[PATCH 09 of 11] x86: preallocate pmds at pgd creation time

Previous message: [thread] [date] [author]
Next message: [thread] [date] [author]
From: Jeremy Fitzhardinge
Date: Friday, January 25, 2008 - 2:23 pm

In PAE mode, an update to the pgd requires a cr3 reload to make sure
the processor notices the changes.  Since this also has the
side-effect of flushing the tlb, its an expensive operation which we
want to avoid where possible.

This patch mitigates the cost of installing the initial set of pmds on
process creation by preallocating them when the pgd is allocated.
This avoids up to three tlb flushes during exec, as it creates the new
process address space while the pagetable is in active use.

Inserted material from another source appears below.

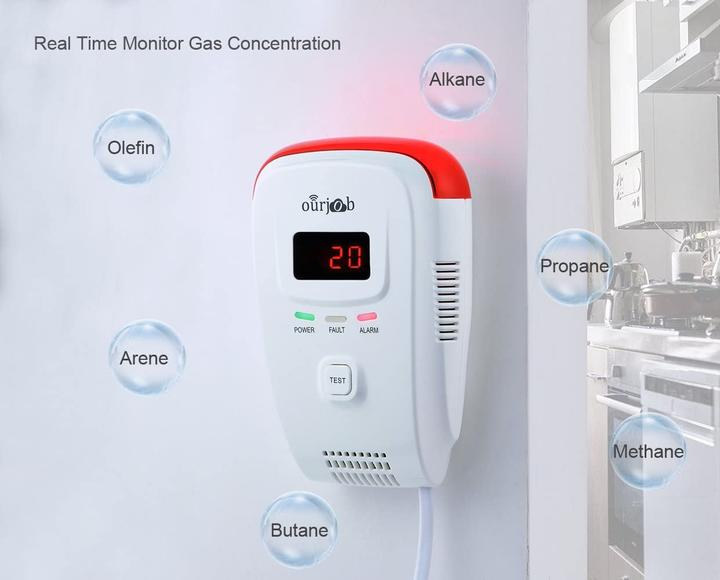 Image du produit Ourjob Détecteur de gaz (blanc)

The pmds will be freed as part of the normal pagetable teardown in
free_pgtables, which is called in munmap and process exit.  However,
free_pgtables will only free parts of the pagetable which actually
contain mappings, so stray pmds may still be attached to the pgd at
pgd_free time.  We must mop them up to prevent a memory leak.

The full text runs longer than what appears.